Ik kom bij de taximarkt. Ik weet dat die ov-tafels er zijn. Men bekijkt ook in de regio's hoe je kunt komen met verbeteringen in die deur-tot-deurreis. De vervoerders en de overheden bekijken ook hoe ze innovatieve concepten een plaats kunnen geven. We hebben het ook altijd over de taxi. De taxi is niet voor niets onderdeel van dit debat, want het is openbaar vervoer. Het is waarschijnlijk het enige openbaar vervoer dat niet wordt gesubsidieerd of waar geen belastinggeld bij hoeft omdat het zelfstandig is, maar het is onderdeel van de deur-tot-deurreis, van het openbaar vervoer. Kan de taxibranche ook een plekje krijgen aan deze overlegtafels? De branche kan daarin ook een rol vervullen. We hebben het altijd over de fiets, maar de taxi zou veel meer een rol kunnen spelen als we die markt wat meer opengooien.
Ik heb nog geen antwoord gehad over dat zinloze theorie-examen dat chauffeurs moeten afleggen, dat in feite grotendeels een herhaling is van het theorie-examen bij het rijbewijs B. Kunnen we dat niet gewoon afschaffen? Vanuit de branche hoor ik er ook geen enthousiaste reacties op, dus volgens mij kunnen we er gewoon een streep door zetten.
Volgens mij zouden we al heel lang kijken naar de ondernemersvergunning. Kunnen we daar niet wat sneller naar kijken? Kunnen we de chauffeurskaart en de ondernemerskaart niet in elkaar schuiven? Chauffeurs betalen daar nu € 1.200 of € 1.400 voor. Dat is waanzin voor een papiertje dat niet meer behelst dan de vog. We zijn nu anderhalf jaar verder. Kunnen we dat niet veel sneller veel simpeler maken, zodat de taximarkt toegankelijker wordt voor nieuwe mensen die daar graag willen werken? Volgens mij is het een prachtig beroep.
De voorzitter:
Mevrouw De Boer, uw laatste punt, kort.
Mevrouw De Boer (VVD):
Ik kan u helemaal tegemoetkomen. Volgens mij waren dit mijn punten.
De voorzitter:
Het is zeldzaam, maar het is mooi!
De heer Madlener (PVV):
Voorzitter. De veiligheid van de buschauffeurs en de passagiers blijkt wekenlang niet gehandhaafd te kunnen worden in Almere. Iedereen, alle Nederlanders die de krant lezen, zien dat de overheid niet optreedt. Er wordt niemand opgepakt en de burgemeester zegt dat hij moet praten met de jongeren, terwijl het echt onacceptabel gedrag is dat gelijk in de kiem gesmoord moet worden.
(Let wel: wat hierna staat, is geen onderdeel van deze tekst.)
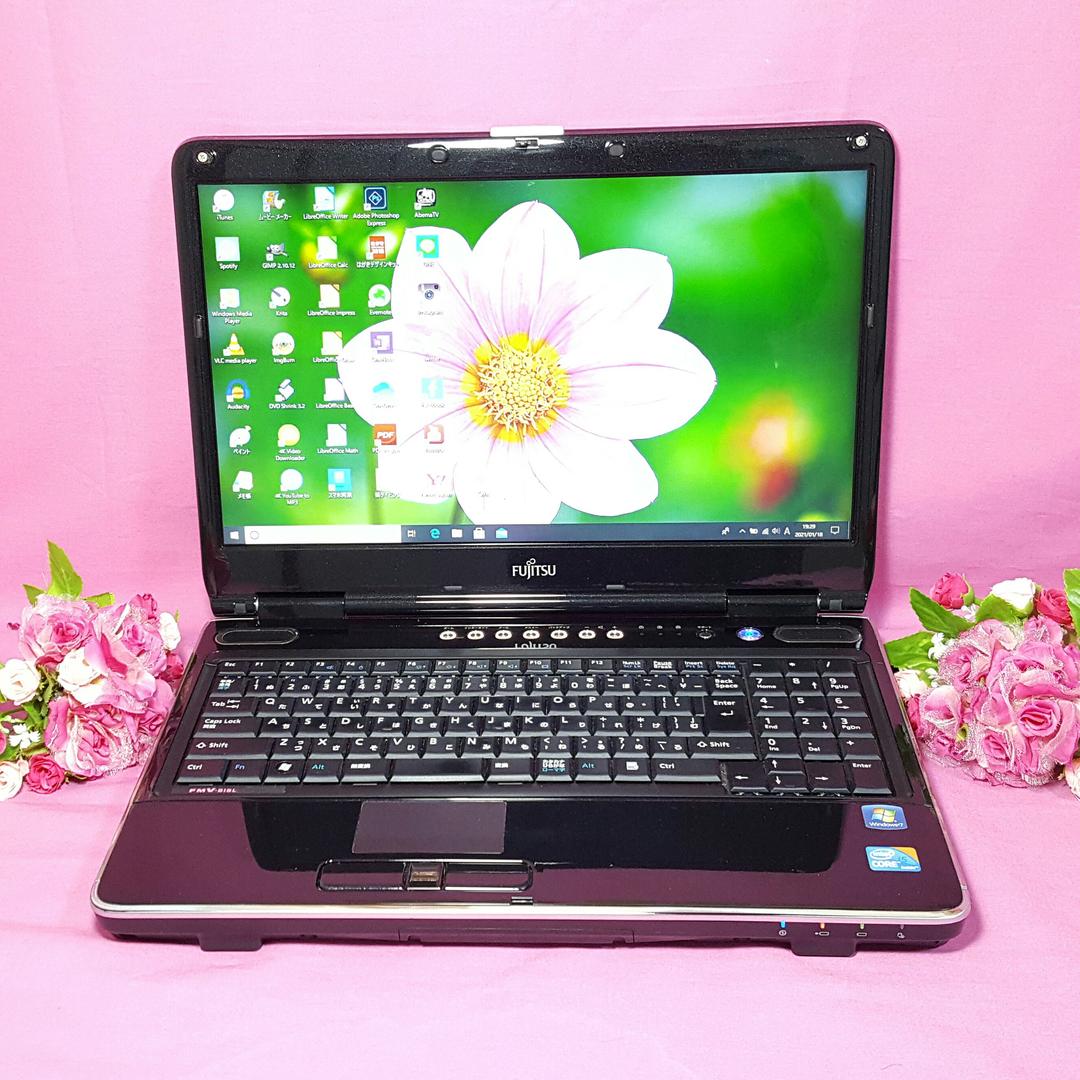 Win10♢CORE-I5♢ブルーレイ♢メモリ4G&大容量500G♢テンキ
Het kan toch niet zo zijn dat de Almeerder niet eens meer in de bus kan stappen of dat de buschauffeurs moeten gaan staken en dat het vanuit Den Haag doodstil blijft? Ik ben het eens met alle mooie woorden die de Staatssecretaris hier spreekt. Maar wat er de afgelopen weken is gebeurd tijdens de ramadan – die schijnt er ook mee te maken te hebben – moet natuurlijk nooit meer gebeuren. Het moet geen signaal zijn aan al die Marokkaanse straatterroristjes: ach, ga je gang maar, ga maar een paar ruiten van bussen bekogelen. Het lijkt wel een soort sport te worden. Je ziet dat het overal plaatsvindt. Dat is gewoon kopieergedrag. Die gastjes zitten naar de tv te kijken en zien in de Gazastrook lekker iedereen met stenen gooien. Dit is gewoon straatterreurgedrag. We kunnen hierover gaan vergaderen, maar het is allemaal gebeurd en het wordt niet aangepakt. Er is niemand opgepakt. De burgemeester komt met slappe verhalen, maar die kan niet naar huis worden gestuurd. Die man heeft toch totaal gefaald? Al die Marokkanen lachen zich toch helemaal dood om de Nederlandse samenleving?
De voorzitter:
Mijnheer Madlener, het wordt zo langzamerhand wel een beetje ingewikkeld. U kwalificeert de burgemeester, u benoemt hoe hij functioneert enzovoorts. Ik begrijp dat u dat doet ...
De heer Madlener (PVV):
Ik spreek de burgemeester hier aan als instituut.
De voorzitter:
Maar hij kan zich hier niet verdedigen.
De heer Madlener (PVV):
Hij heeft wekenlang de kans gehad om dit aan te pakken, maar hij doet het niet. Ik heb net nog even bekeken wat hij heeft gedaan. Het enige wat ik heb kunnen vinden, is: we moeten gaan praten met die jongeren. Dat is toch te gek voor woorden? Welk signaal gaat nou daarvan uit? Ik denk dat die Marokkanen zich helemaal rot lachen en denken: die stomme Nederlanders laten het allemaal maar gebeuren. Daarom wil ik een adequate aanpak. Zet er desnoods iemand neer met een hond. Als je zo'n gast een ruit met een stoeptegel ziet bekogelen, dan laat je die hond maar los; dan pak je ze wel. Je moet ze gelijk pakken en ze er niet mee weg laten komen. Iedereen komt er constant mee weg en de politiek doet niets of kijkt weg. Ik heb nog een voorbeeld genoemd. In Rotterdam heeft een collega van mij met zijn tas een Marokkaan op zijn scooter een mep gegeven, terecht. Dan reageert de PvdA: misschien moeten we ze een stageplek aanbieden. Dit loopt toch uit de hand op deze manier? Dat probeer ik hier aan de orde te stellen. Wij vinden het allemaal belangrijk dat buschauffeurs hun werk veilig kunnen doen. Maar als het erop aankomt, laten we het toch weer een beetje lopen. Dat vind ik jammer. Ik wacht de aanpak af van Van der Steur en deze Staatssecretaris, maar ik heb genoeg ideeën daarover. Ik zal hier ermee blijven komen totdat we die gasten echt gaan aanpakken.
De voorzitter:
De heer Van der Steur is Minister van Veiligheid en Justitie.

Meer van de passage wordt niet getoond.